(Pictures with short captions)
<<<<
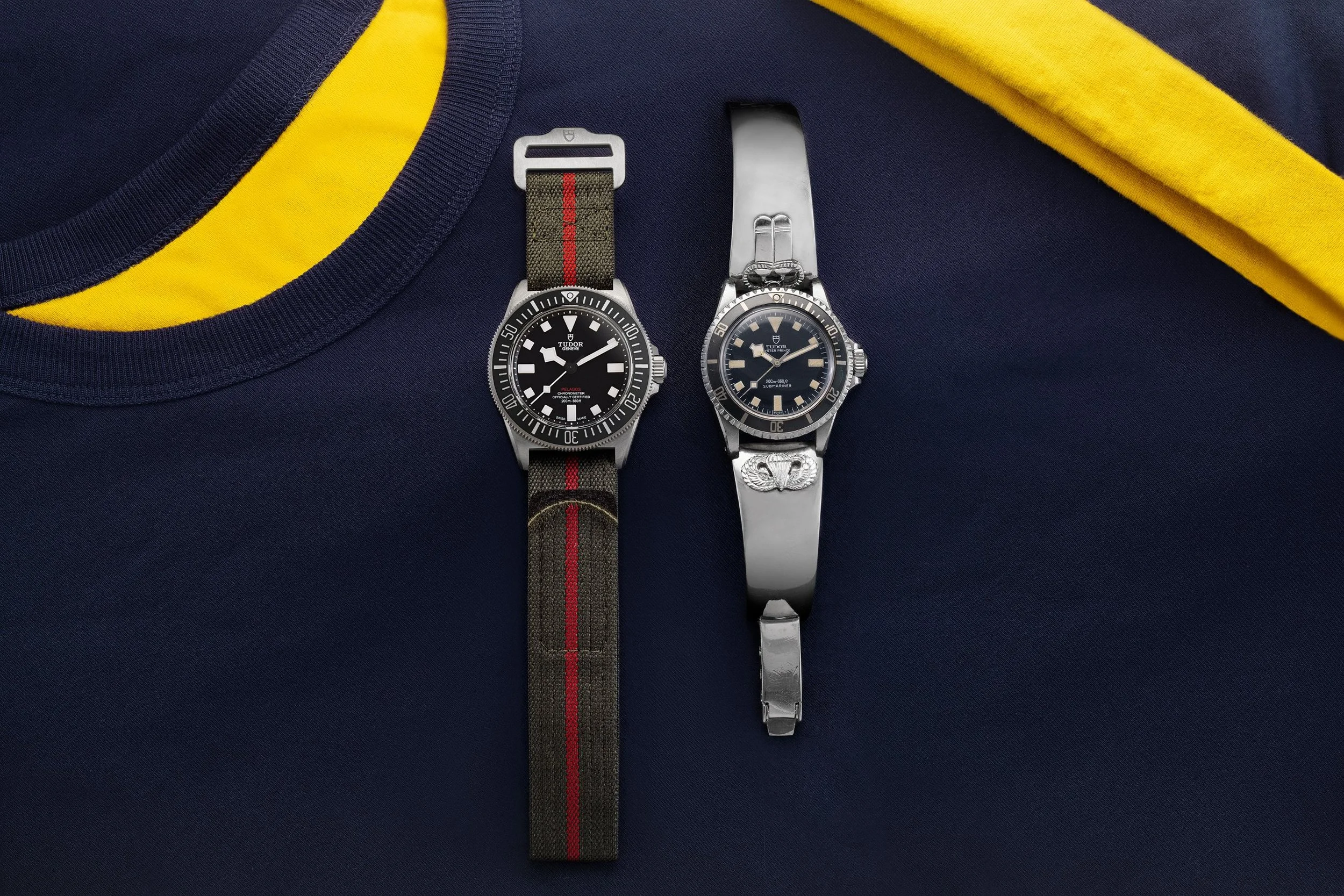 A modern Tudor Pelagos FXD ref. 25717N beside a 1968 Tudor Oyster Prince Submariner ref. 7016 on a Navy SEAL Museum San Diego shirt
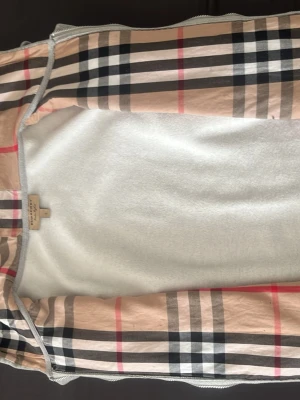 Grå hoodie från Burberry - Snygg grå hoodie från Burberry med dragkedja framtill och två fickor. Insidan har det klassiska Burberry-rutiga mönstret i beige, svart och rött. Märkets logga är broderad på bröstet. Perfekt för en chill och trendig look.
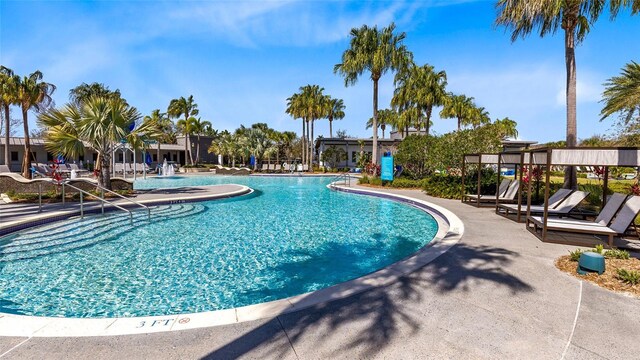 8290 Nemours Pkwy, Orlando, FL 32827 - community pool featuring a patio area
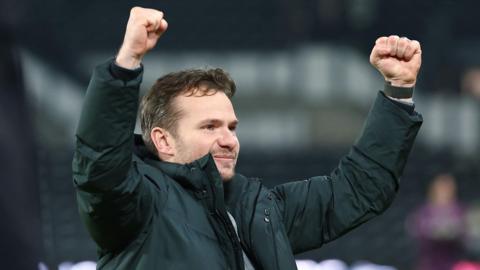 Watford boss Tom Cleverley with his fists in the air as he celebrates victory against Derby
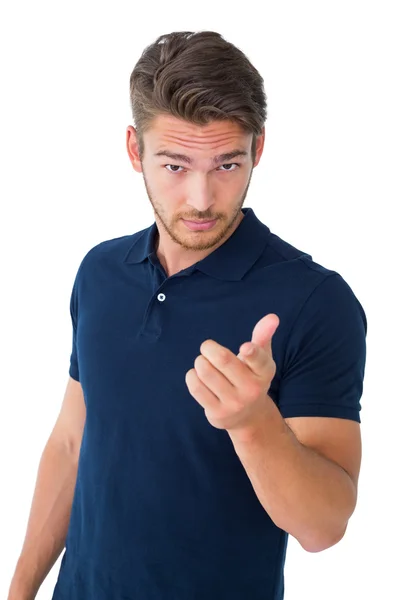 Handsome young man pointing at camera Stock Picture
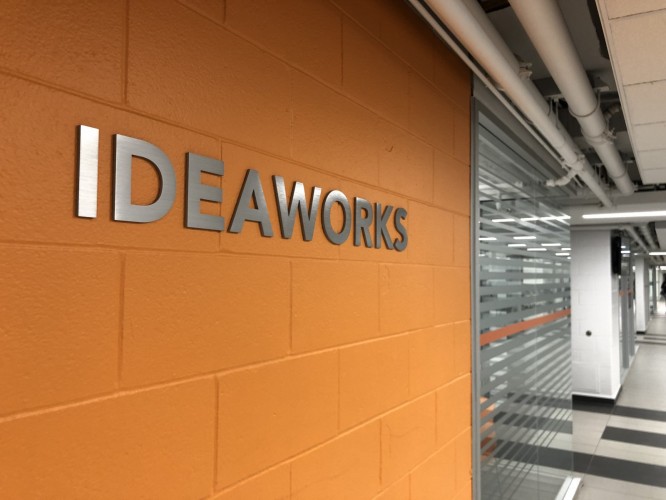 ideaworks department sign on a hallway wall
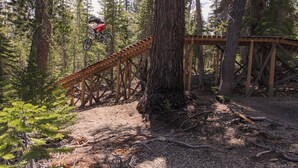 A mountain biking trail with wooden structures and dense forest. - Modern Hotel-Like Luxury! 3 Bed+Loft. Twin Units  Book Separately 329292 (Mammoth Lakes)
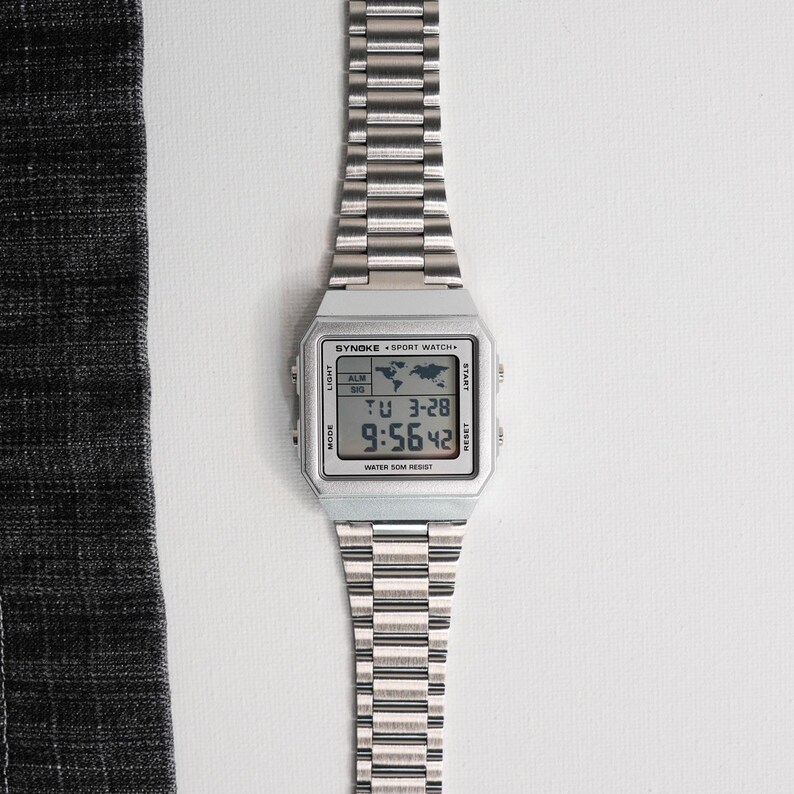 May include: A silver-toned digital watch with a rectangular face and a matching metal band. The watch face displays the time and date, with the text "SYNOKE SPORT WATCH" visible. The watch is water resistant.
>>>>
All records above are to be repeated exactly, with the images left out.

■ Exercise response:
 A modern Tudor Pelagos FXD ref. 25717N beside a 1968 Tudor Oyster Prince Submariner ref. 7016 on a Navy SEAL Museum San Diego shirt
 Grå hoodie från Burberry - Snygg grå hoodie från Burberry med dragkedja framtill och två fickor. Insidan har det klassiska Burberry-rutiga mönstret i beige, svart och rött. Märkets logga är broderad på bröstet. Perfekt för en chill och trendig look.
 8290 Nemours Pkwy, Orlando, FL 32827 - community pool featuring a patio area
 Watford boss Tom Cleverley with his fists in the air as he celebrates victory against Derby
 Handsome young man pointing at camera Stock Picture
 ideaworks department sign on a hallway wall
 A mountain biking trail with wooden structures and dense forest. - Modern Hotel-Like Luxury! 3 Bed+Loft. Twin Units  Book Separately 329292 (Mammoth Lakes)
 May include: A silver-toned digital watch with a rectangular face and a matching metal band. The watch face displays the time and date, with the text "SYNOKE SPORT WATCH" visible. The watch is water resistant.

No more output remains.